China manufacturing hits speed hump


HSBC's China Flash PMI for July – an indicator of industrial activity – dropped by its fastest pace since March 2009.

The purchasing managers' survey shows a monthly contraction in the country's vast manufacturing sector for the first time in 12 months, while a price sub-index signalled rebounding inflation.

The flash purchasing managers' index (PMI), the earliest available indicator of China's industrial activity, dipped to a 28-month low of 48.9 in July and fell below the 50-point level for the first time since July last year, as policy tightening and slack global demand weighed on economic growth.

That compares with the final reading of 50.1 in the HSBC PMI for June. The 50-point level in the PMI demarcates expansion from contraction, with a reading above 50 indicating growth.

According to the final PMI reading in June, the industrial output sub-index fell to 49.8, indicating a contraction for the first time since July last year. That trend has now been confirmed with the overall July Flash PMI reading.

"We expect industrial growth to decelerate in the coming months as tightening measures continue to filter through," said Qu Hongbin, the chief China economist at HSBC.

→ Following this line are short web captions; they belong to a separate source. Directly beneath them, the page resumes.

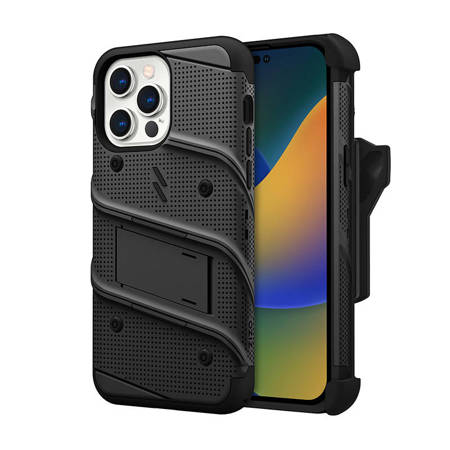 ZIZO BOLT Series - Pancerne etui iPhone 14 Pro Max ze szkłem 9H na ekran + uchwyt z podstawką (czarny) (BOLT-IPH14PROMAX-BKBK)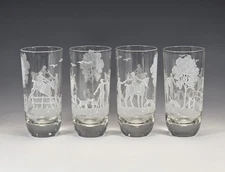 Set of 4 RARE Heisey Glass Fox Chase Hunt Scene Etched Highball Glasses Vintage 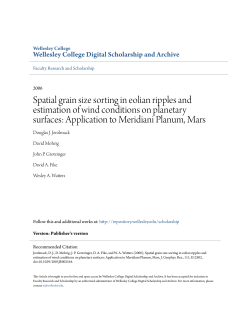 Spatial grain size sorting in eolian ripples and estimation of wind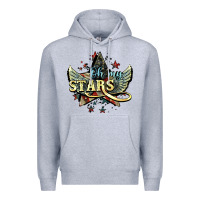 Heather Grey oh my stars america wings Premium Hoodie - NancyCooperArtShop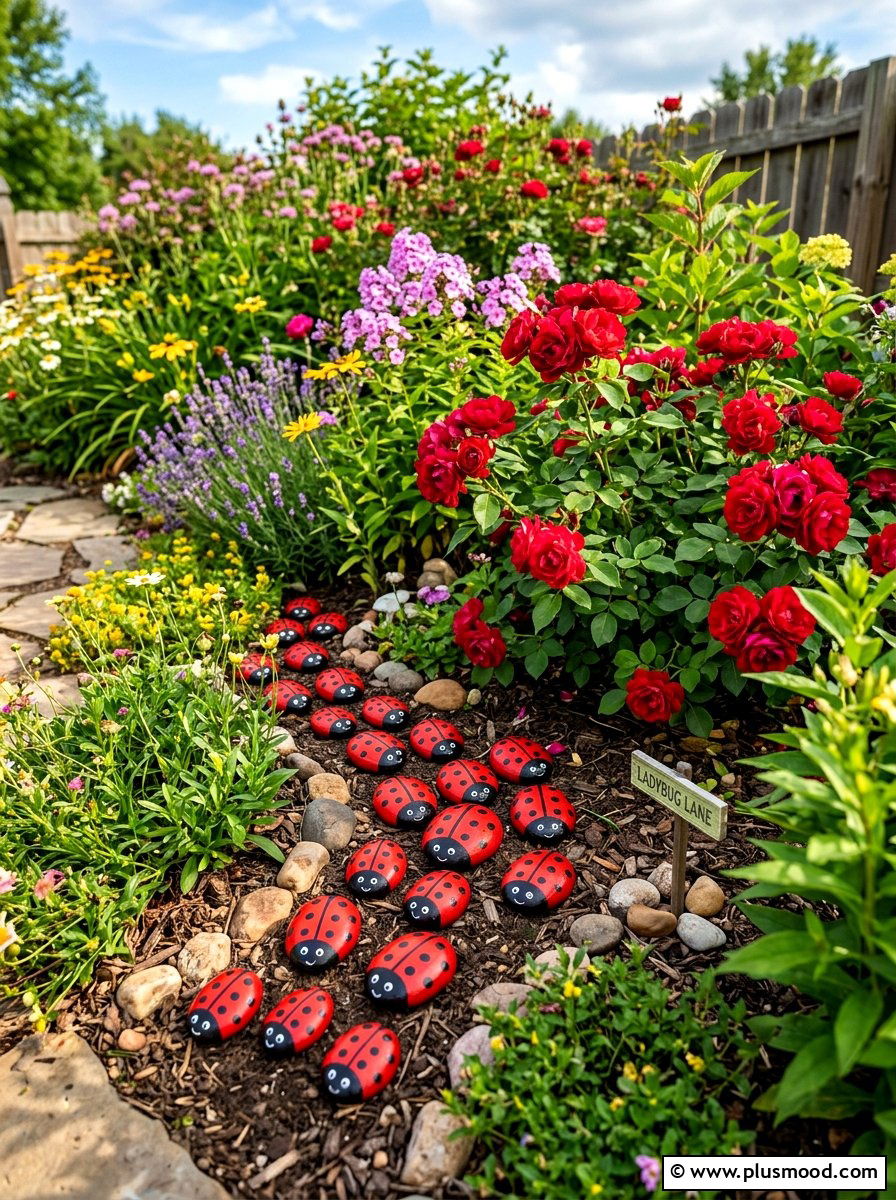 Ladybug rocks - 25 painted rock ideas for outdoor decor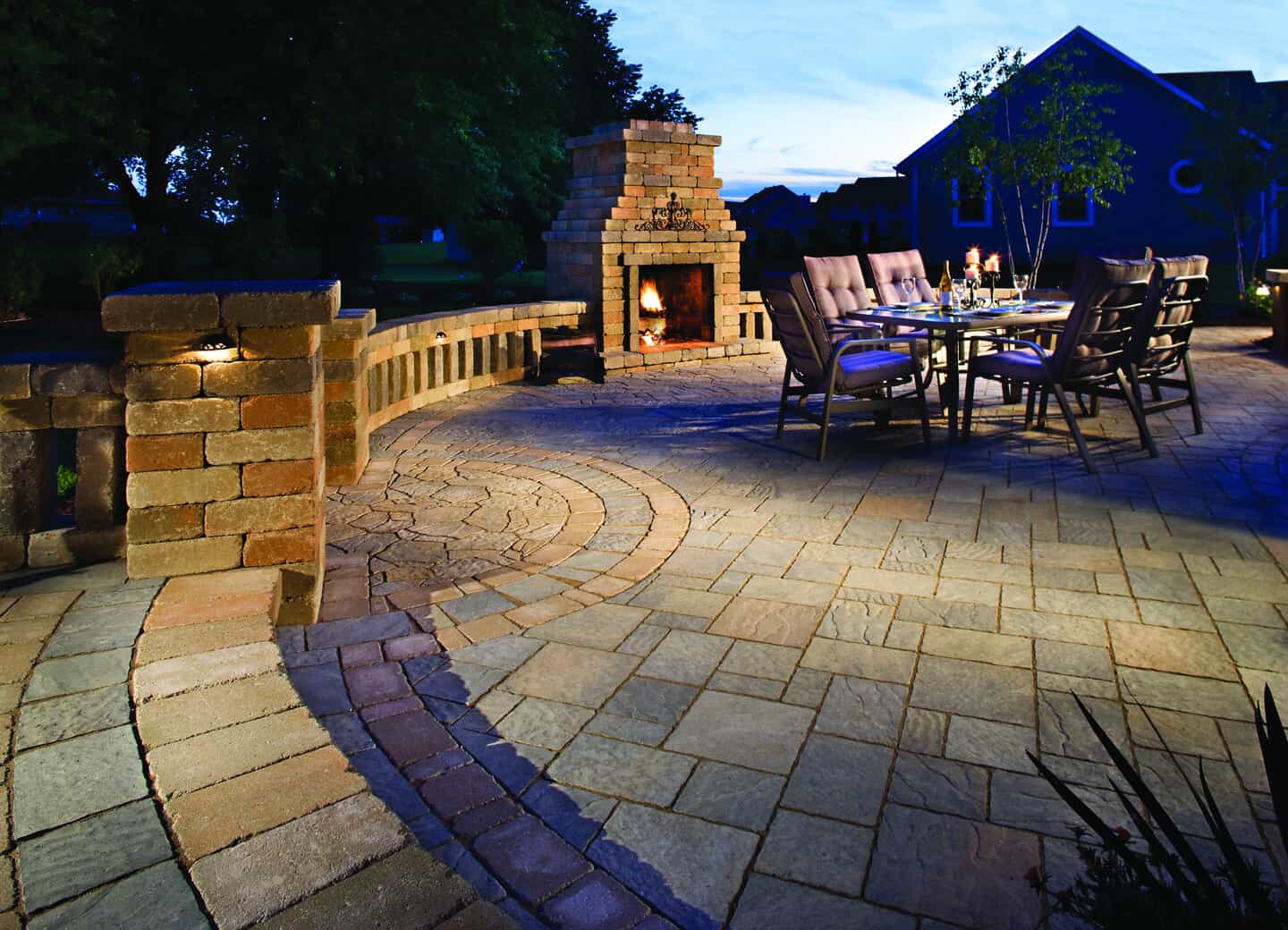 Fireplace, short wall, and patio made from stone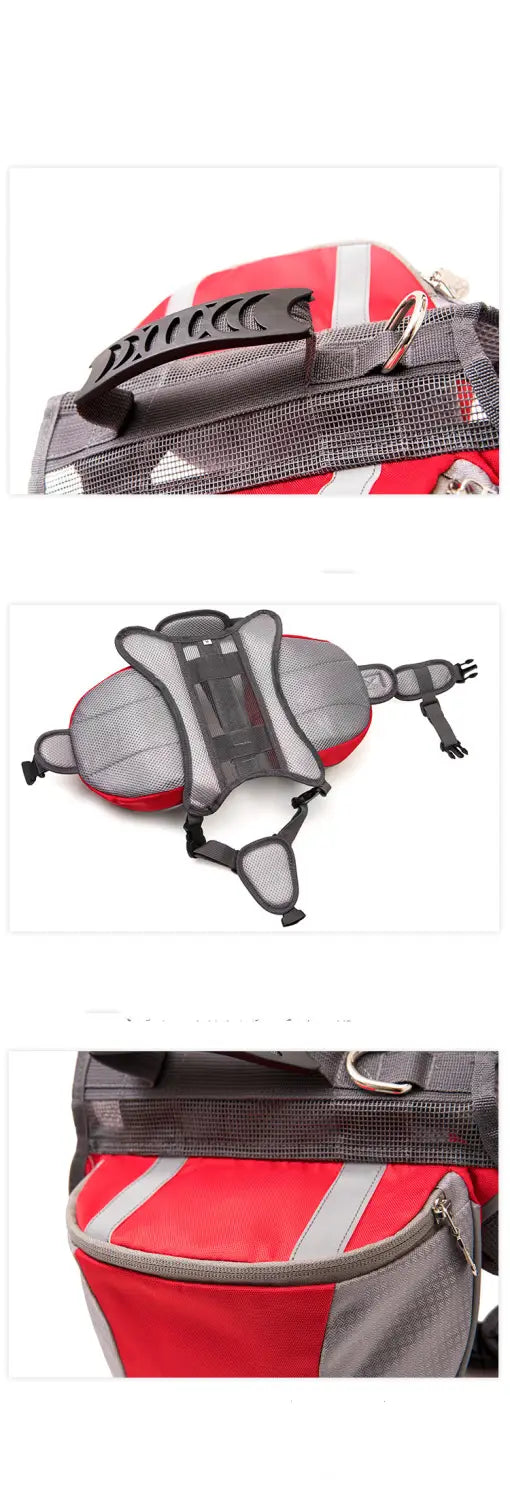 Dog backpack oxford cloth adjustable pet hiking bag in red and gray mesh with reflective stripes black padded shoulder straps and sturdy top handle shown from the back side.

"That said, resilience of consumer spending and continued investment in a massive amount of infrastructure projects should support a nearly 9 per cent rate of gross domestic product growth in the rest of the year," he said.

China's industrial output rose 15.1 per cent in June from a year earlier, accelerating from 13.3 per cent in May, according to official data.

According to the flash PMI, China's sub-index of factory input prices rebounded to 54.5 in July from the final reading of 51.9 in June.

China's annual inflation hit a three-year high of 6.4 per cent in June. Many economists believe inflation may have peaked or should peak soon as food prices stabilise but price pressures may be entrenched as wages and utility costs climb.